• ASSIGNMENT: Once the pictures are set aside, transcribe each line of the data exactly.

• DATASET CONTENT:
########

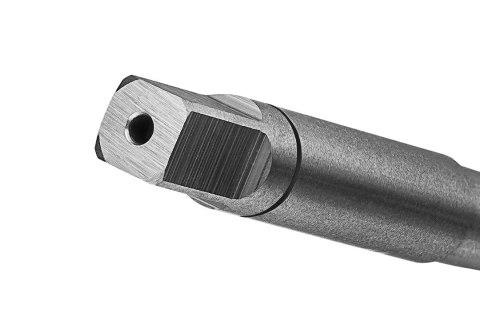 Gwintowniki Baildon - rozmiar M12, HSS, 3 szt. Gwintowniki Baildon - rozmiar M12, HSS, 3 szt.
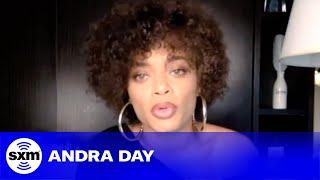 Andra Day Explains the Truth Behind Billie Holiday's Drug Addiction | SiriusXM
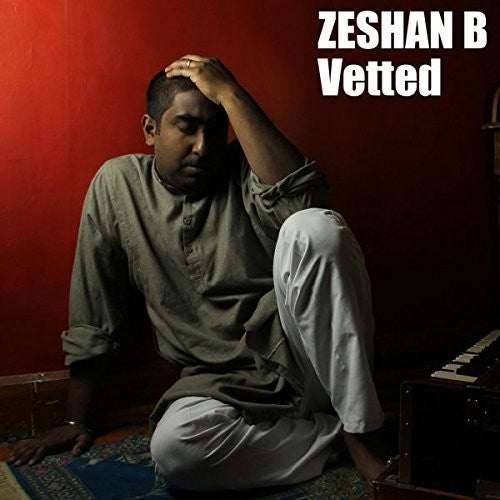 Zeshan B - Vetted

########

• OUTPUT:
 Gwintowniki Baildon - rozmiar M12, HSS, 3 szt. Gwintowniki Baildon - rozmiar M12, HSS, 3 szt.
 Andra Day Explains the Truth Behind Billie Holiday's Drug Addiction | SiriusXM
 Zeshan B - Vetted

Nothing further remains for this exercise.